- **What you have to do**: Write out, word for word, the part of the listing below that opens with the line containing "Водонепроницаемые очки профессиональные" and closes with the line containing "MuscleMeds Nitro Lift", keeping both of those lines and adding no others.

Excerpted records START

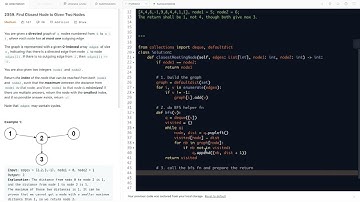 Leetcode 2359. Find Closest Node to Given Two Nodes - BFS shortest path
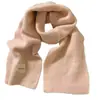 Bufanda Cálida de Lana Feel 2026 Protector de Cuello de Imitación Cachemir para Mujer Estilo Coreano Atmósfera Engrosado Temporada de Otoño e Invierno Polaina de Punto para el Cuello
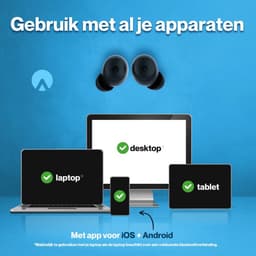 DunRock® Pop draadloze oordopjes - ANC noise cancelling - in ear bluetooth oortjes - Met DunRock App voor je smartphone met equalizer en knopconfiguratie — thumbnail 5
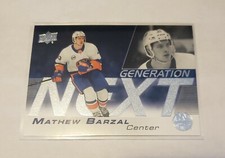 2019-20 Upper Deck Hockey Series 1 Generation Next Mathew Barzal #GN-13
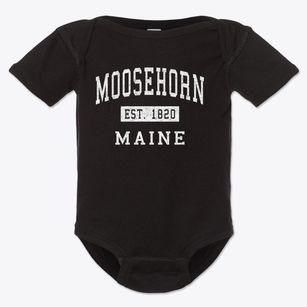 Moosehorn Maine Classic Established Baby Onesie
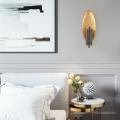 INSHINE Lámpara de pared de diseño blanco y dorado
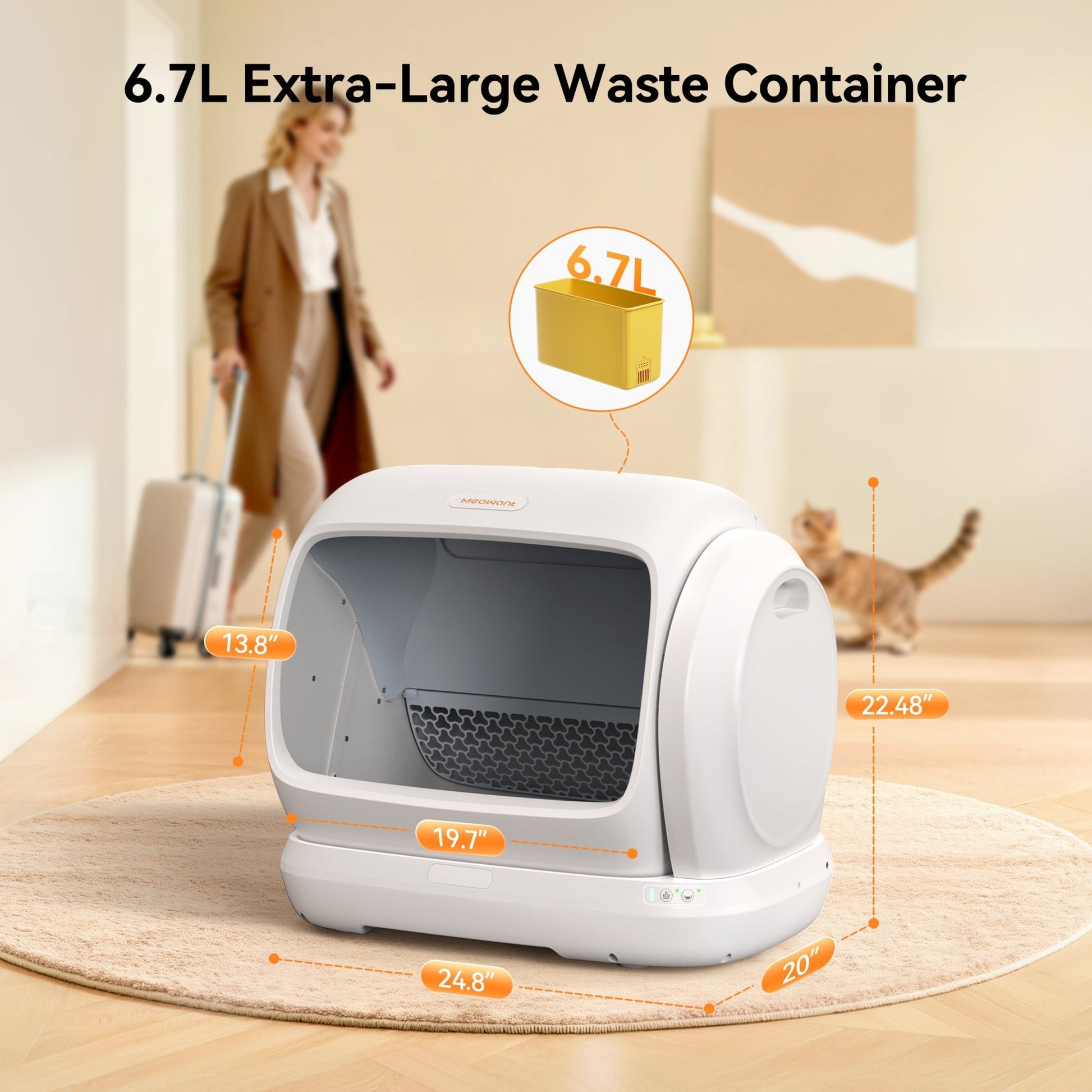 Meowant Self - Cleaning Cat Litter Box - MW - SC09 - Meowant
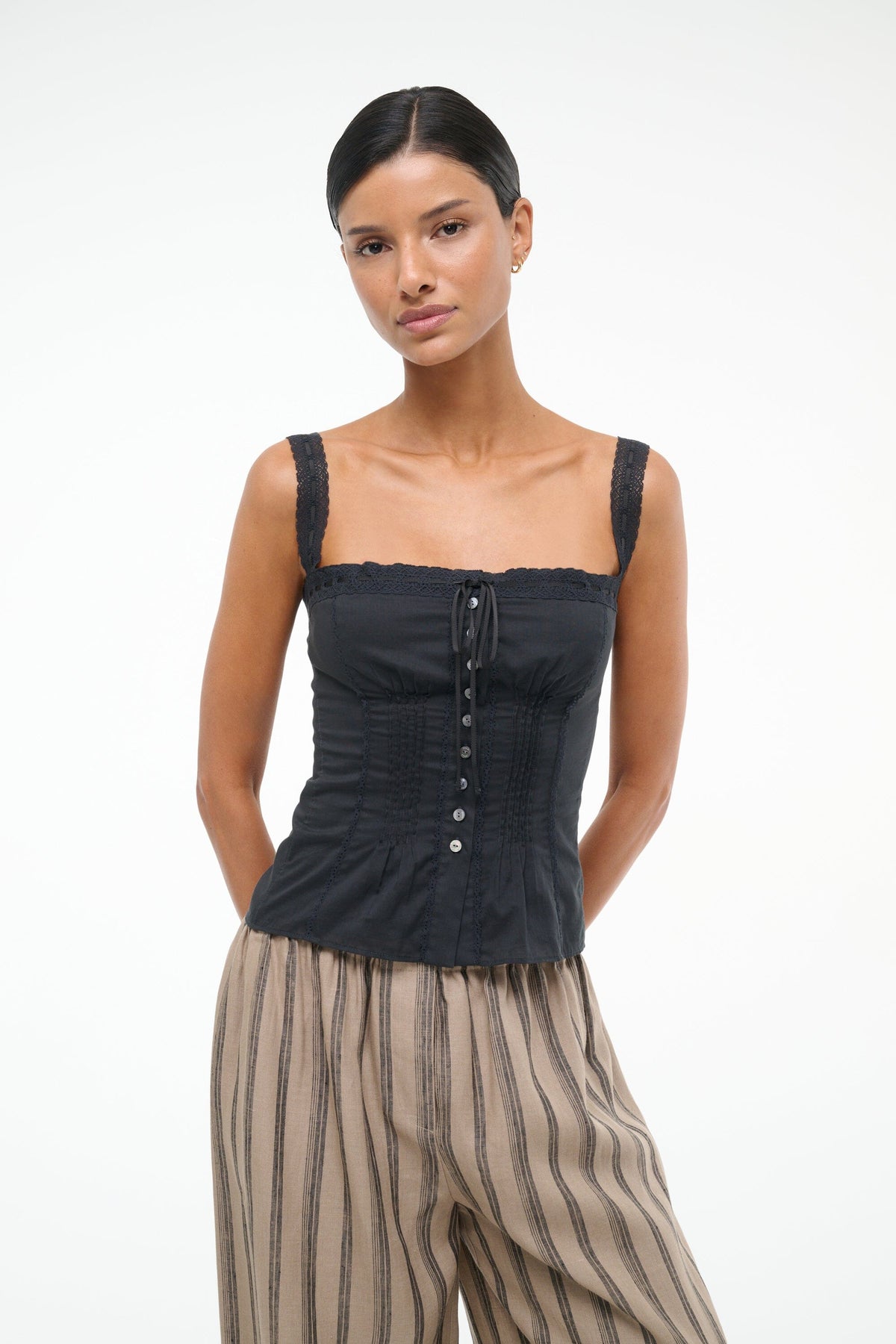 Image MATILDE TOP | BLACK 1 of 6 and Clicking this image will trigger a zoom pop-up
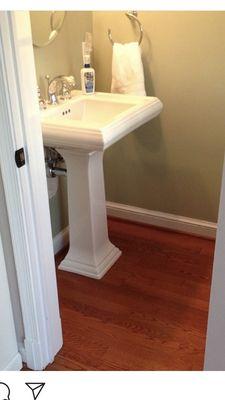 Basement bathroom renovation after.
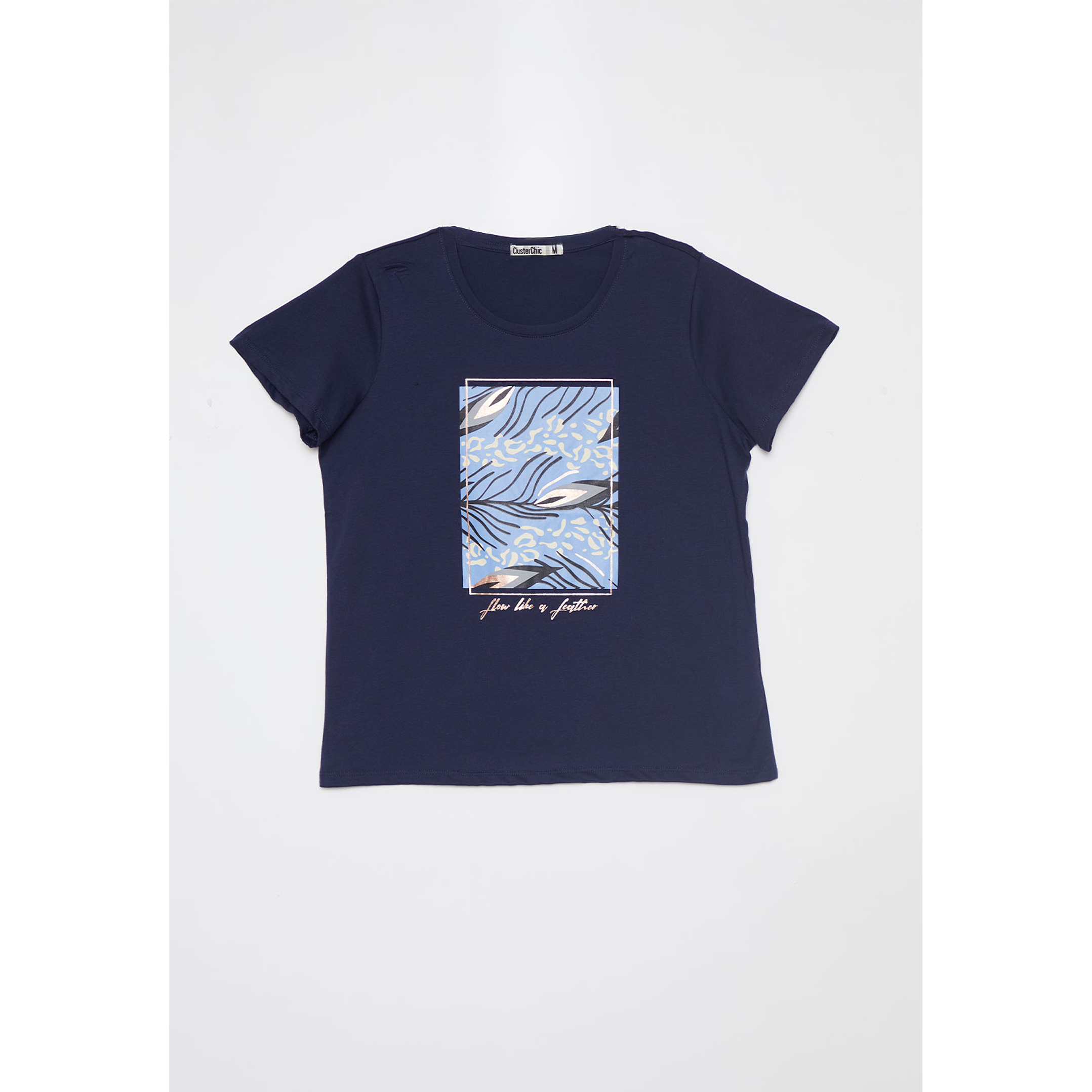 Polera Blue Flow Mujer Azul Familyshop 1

Excerpted records END
Excerpted records START

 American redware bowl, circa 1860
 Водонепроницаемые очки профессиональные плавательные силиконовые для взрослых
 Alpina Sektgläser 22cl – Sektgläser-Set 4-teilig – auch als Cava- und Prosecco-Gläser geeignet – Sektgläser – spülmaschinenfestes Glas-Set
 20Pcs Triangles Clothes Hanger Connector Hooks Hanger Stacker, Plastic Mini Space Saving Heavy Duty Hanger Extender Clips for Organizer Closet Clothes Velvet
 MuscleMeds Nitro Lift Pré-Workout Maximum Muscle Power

Excerpted records END

- **Output for this task**:
 Водонепроницаемые очки профессиональные плавательные силиконовые для взрослых
 Alpina Sektgläser 22cl – Sektgläser-Set 4-teilig – auch als Cava- und Prosecco-Gläser geeignet – Sektgläser – spülmaschinenfestes Glas-Set
 20Pcs Triangles Clothes Hanger Connector Hooks Hanger Stacker, Plastic Mini Space Saving Heavy Duty Hanger Extender Clips for Organizer Closet Clothes Velvet
 MuscleMeds Nitro Lift Pré-Workout Maximum Muscle Power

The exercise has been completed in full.